We were lucky to catch up with Joya Wesley recently and have shared our conversation below.
Alright, Joya thanks for taking the time to share your stories and insights with us today. Can you share a story with us from back when you were an intern or apprentice? Maybe it’s a story that illustrates an important lesson you learned or maybe it’s a just a story that makes you laugh (or cry)?
Now that I’m a certified weight-loss coach, five years into maintaining a healthy body weight nearly 200 pounds below my peak, I can consider all the years I tried unsuccessfully to reverse obesity as one huge preparatory apprenticeship.
Beginning in 1977 at age 11 when my sixth grade school picture captures the first appearance of pudge on my pretty little face, I studied under dozens of diet doctors, workout instructors and other experts.
As and after my body grew into my adult 5’4”, small-boned frame, I carried excess.weight due to compulsive overeating. Although widespread now, it was still a relatively rare thing in the early days of what I like to call my SAD years — the years I was addictively eating the Standard American Diet, before I learned about whole food plant-based living and got HAPPY, to use Rachael Brown’s cool acronym for Healthy And Plant-Powered, Yay!
In the early 1980s it was lonely, hard and scary being the only fat girl, especially in Los Angeles, where I grew up surrounded by beautiful beach bodies. Fighting fat was more important to me than anything, and with early assistance and support of my mother and grandmother, I gave that cause tremendous amounts of my energy and effort.
I counted a total of 38 different diets followed during decades focused on weight-loss research that I didn’t even begin, but was born into. In the ‘70s I remember my parents being on a fad weight-loss protocol that required regular injections of some animal’s urine!
I celebrated success and felt skinny when I got down to 180 pounds my senior year in high school, but slipped into massive failure after going to college and gaining a “freshman fifty” and continuing up from there. I was driven to seek in-patient medical help after reaching my top weight of 329 pounds at age 25. After dropping 100 pounds, I spent years more on a yo-yo, mostly over 200 pounds, before I found my answer.
What kept me trying was my strong desire and the sense that once I found and fixed whatever it was that was wrong with me, then the weight would just fall off. What I ended up finding was that the problem wasn’t in me. The late Dr.

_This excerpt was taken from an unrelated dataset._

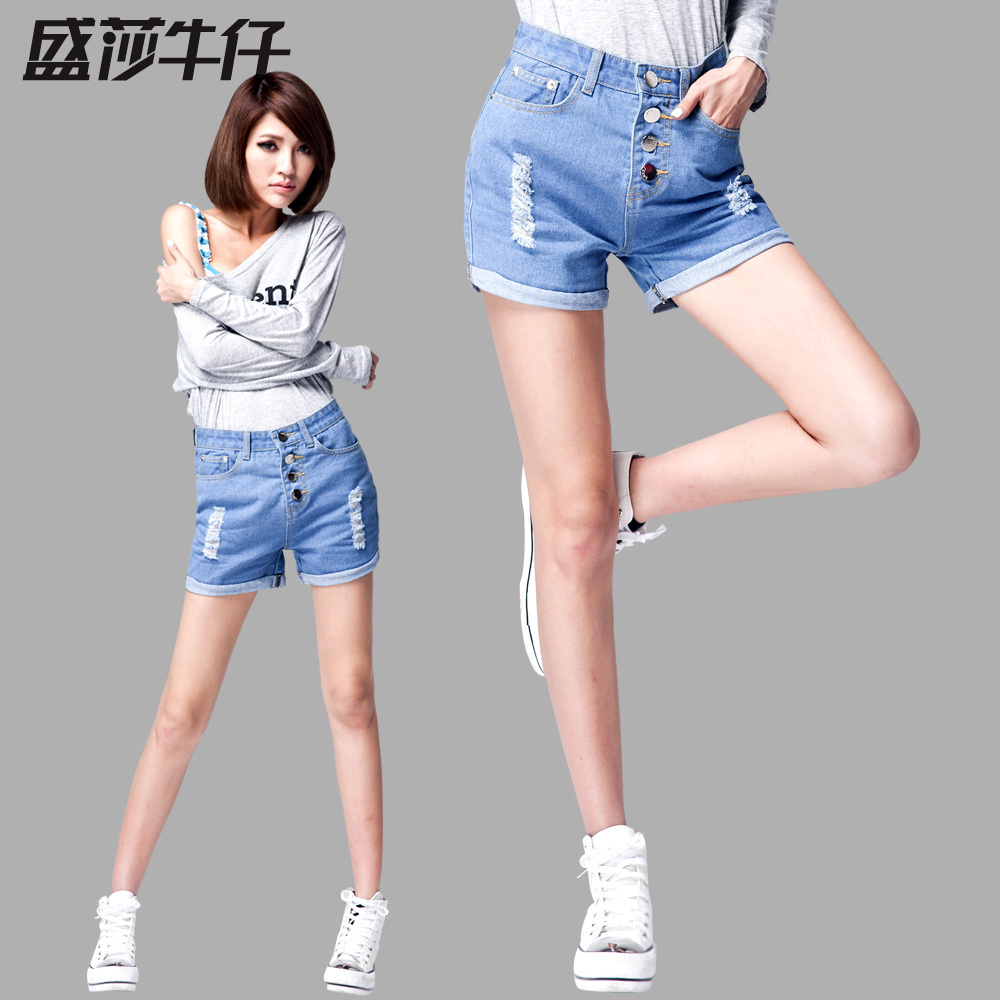 Summer denim shorts female metal buttons hole light color high waist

John McDougall stated the truth in his oft-quoted line, which also explains why obesity now is exploding worldwide: “it’s the food.”

Great, appreciate you sharing that with us. Before we ask you to share more of your insights, can you take a moment to introduce yourself and how you got to where you are today to our readers.
I wear a lot of hats but I identify mostly as a writer. I am a former journalist and the author of the mini book “The Easy Breezy Whole Foodie: Opt Out of the Standard American Diet in Seven Steps.” I also am a certified weight-loss coach and offer consultation, coaching and a blog at www.easybreezywholefoodie.com.
In writing the book and creating my weight-loss protocol for clients I used the hard-won experience I gained reversing the obesity that afflicted my own body for more than four decades.
As a born foodie who now only eats whole plant foods, it gives me great pleasure to explore their mostly untapped delicious possibilities, which I get to do worldwide thanks to my other job as manager and tour manager for my dad’s funk and jazz band.
My dad, legendary trombonist and bandleader Fred Wesley, is my favorite success story. He adopted a whole food plant based lifestyle in 2020, a year after I did. He quickly dropped 70 pounds and regained the vitality to continue enjoying touring the world at 81 years old and counting.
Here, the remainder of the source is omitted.